Oceans speak volumes. Sound spreads widely in the world’s oceans, and the clamour of human activity reaches every cove, says Jesse Ausubel, director of the Human Environment program at Rockefeller University in Manhattan.

“Motors and propellers are noisy; so are jet skis and oil-and-gas exploration. In fact, we make the oceans three decibels noisier each decade”, he says. In a convocation address this week at Dalhousie University in Halifax, Dr. Ausubel proposed turning down the volume for four hours in an International Quiet Ocean Experiment. That would be enough time for thousands of researchers around the world to see how sea creatures respond to pre-industrial noise levels, he says. Would whales, for example, change the frequencies they use to communicate? If we can quiet things down, would they return to their normal, natural frequency rather than deepening their voices or raising their voices? he said an interview.

Dr. Ausubel has experience with ambitious, large-scale scientific projects. He played an important role in creating the Encyclopedia of Life, an online catalogue of the species on Earth, and was also involved in establishing the Census for Marine Life, an international program to chart life in the oceans by 2010.

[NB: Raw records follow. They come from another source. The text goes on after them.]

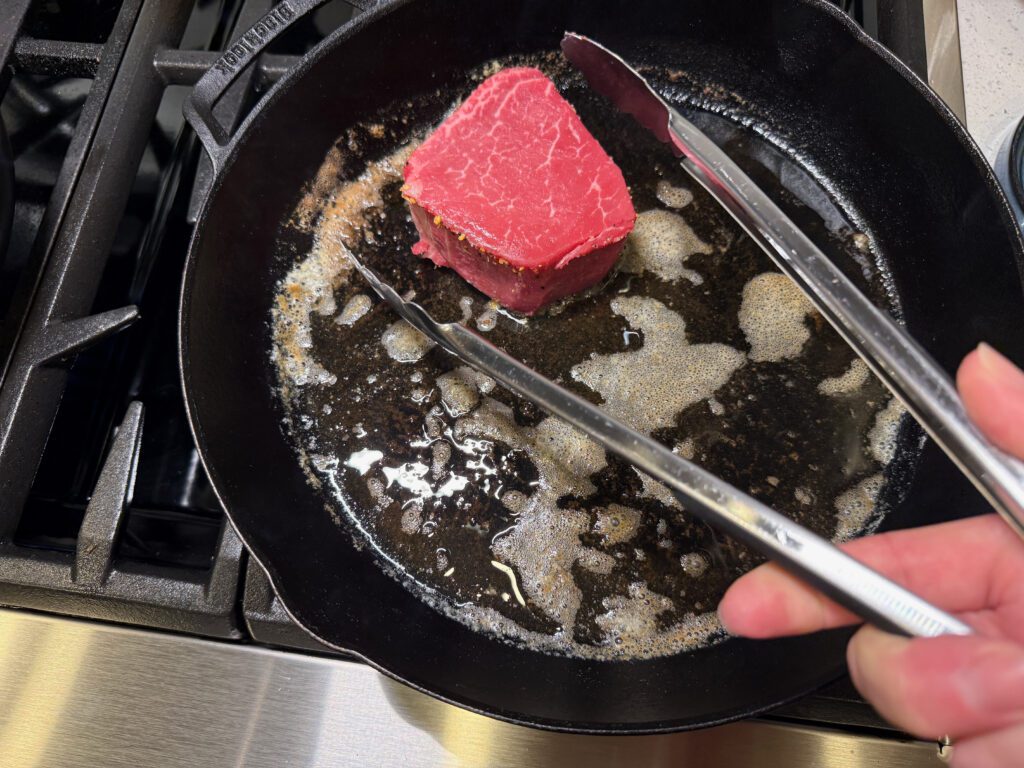 filet mignon in a cast iron skillet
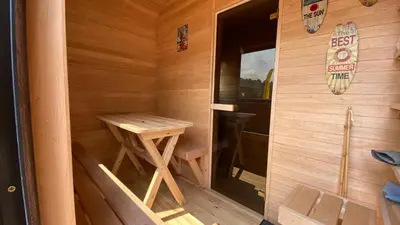 a small wooden sauna with a table in it at Aquaspot Kaunas in Kaunas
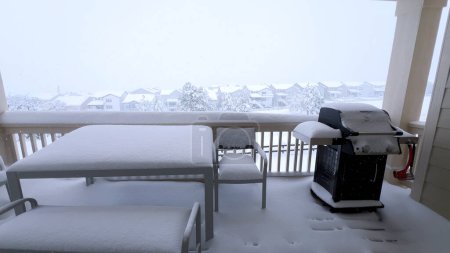 Thick layers of snow blanket a balcony with outdoor furniture, offering a serene view of a suburban landscape shrouded in winter embrace.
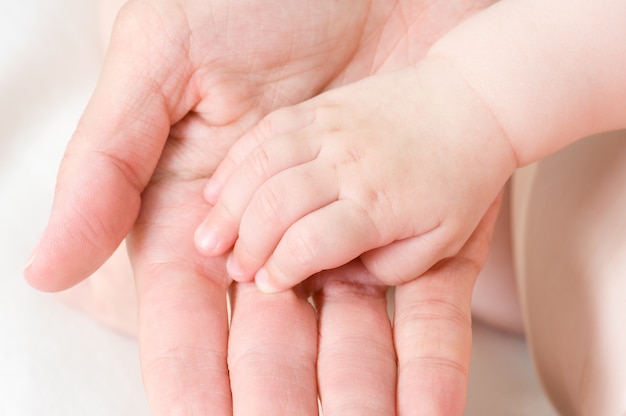bebê caucasiano com a mão na palma da mão do pai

Scientists from around the world who are interested in his Quiet Ocean Experiment will get together for their first meeting before the end of the year .

Dr. Ausubel acknowledges how difficult it will be to get four noise-free hours. Navies and the world’s maritime industries would have to be on board. “Maybe the time to do it would be Christmas Day,” he says. “We would like to inconvenience people as little as possible”.